I didn’t say much about the causes of these differences, for the simple reason that I don’t know the answer.
However, others are more confident, and the Economist magazine on [correction] 10 March (this issue no longer available free online) gave its own analysis, saying:
Why do black children do so badly at school? … Poverty of aspirations probably counts for less than simple poverty. Last year, 26% of Afro-Caribbean children received free school meals because their parents were poor or on benefits. They did better in exams than the 11% of white British children in the same situation. Blacks seem to do badly largely because they tend to live in bad neighbourhoods with bad schools. In Lambeth and Lewisham—the two districts with the highest concentrations of Afro-Caribbeans in Britain—just 35% of white children earned five or more good GCSEs in 2003. That was 16 points below the English average and not much better than the 30% of Afro-Caribbean and mixed-race children who achieved the same in those areas.Black children do not perform nearly as well as other ethnic minority groups, nor as well as they should. But the explanations—and, hence, the solutions—have less to do with bad attitudes among teachers and pupils and more to do with the old difficulties of poverty and place.

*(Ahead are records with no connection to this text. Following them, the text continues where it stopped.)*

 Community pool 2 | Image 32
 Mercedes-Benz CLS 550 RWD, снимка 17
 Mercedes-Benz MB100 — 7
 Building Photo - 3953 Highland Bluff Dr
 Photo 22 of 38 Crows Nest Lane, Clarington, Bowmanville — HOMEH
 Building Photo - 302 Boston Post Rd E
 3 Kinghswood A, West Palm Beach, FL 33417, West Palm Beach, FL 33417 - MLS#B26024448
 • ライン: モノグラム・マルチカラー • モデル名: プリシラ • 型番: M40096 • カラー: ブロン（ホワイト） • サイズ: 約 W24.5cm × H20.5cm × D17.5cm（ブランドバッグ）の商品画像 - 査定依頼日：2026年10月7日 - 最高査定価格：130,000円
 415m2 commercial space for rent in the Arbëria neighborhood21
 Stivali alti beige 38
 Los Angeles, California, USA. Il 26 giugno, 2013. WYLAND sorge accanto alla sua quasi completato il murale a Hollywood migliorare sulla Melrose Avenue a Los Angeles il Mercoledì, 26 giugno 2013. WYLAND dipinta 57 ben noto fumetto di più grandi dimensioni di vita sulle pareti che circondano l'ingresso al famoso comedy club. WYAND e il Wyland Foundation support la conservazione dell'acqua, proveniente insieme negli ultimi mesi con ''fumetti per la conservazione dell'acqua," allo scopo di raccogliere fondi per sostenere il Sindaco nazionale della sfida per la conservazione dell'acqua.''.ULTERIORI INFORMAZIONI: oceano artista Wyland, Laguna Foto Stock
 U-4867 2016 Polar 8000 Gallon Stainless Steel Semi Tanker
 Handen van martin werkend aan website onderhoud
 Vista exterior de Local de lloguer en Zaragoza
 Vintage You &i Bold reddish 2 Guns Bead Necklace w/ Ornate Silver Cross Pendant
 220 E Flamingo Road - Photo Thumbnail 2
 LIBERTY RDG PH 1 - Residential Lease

So there you have it: the explanation is poverty, bad neighbourhoods, and bad schools. Voilà! Nothing that can’t be solved by a liberal application of taxpayers’ cash.
But let’s look more closely at the data on free school meals (FSMs)…
FSMs are available to children whose parents are receiving social security benefits or otherwise are below a certain threshold of household income. FSMs are the standard criterion of ’poverty’ in English educational statistics, and the Education Department provides data on performance by FSM and non-FSM children in various age groups as an Excel file available here (click on the second Excel file of ‘Additional Information’ and save to disk). I have extracted the following data for the proportion of children attaining the target level of achievement in GCSEs at age 15/16 – the figures used by the Economist.
______________1.________2.________3.______4.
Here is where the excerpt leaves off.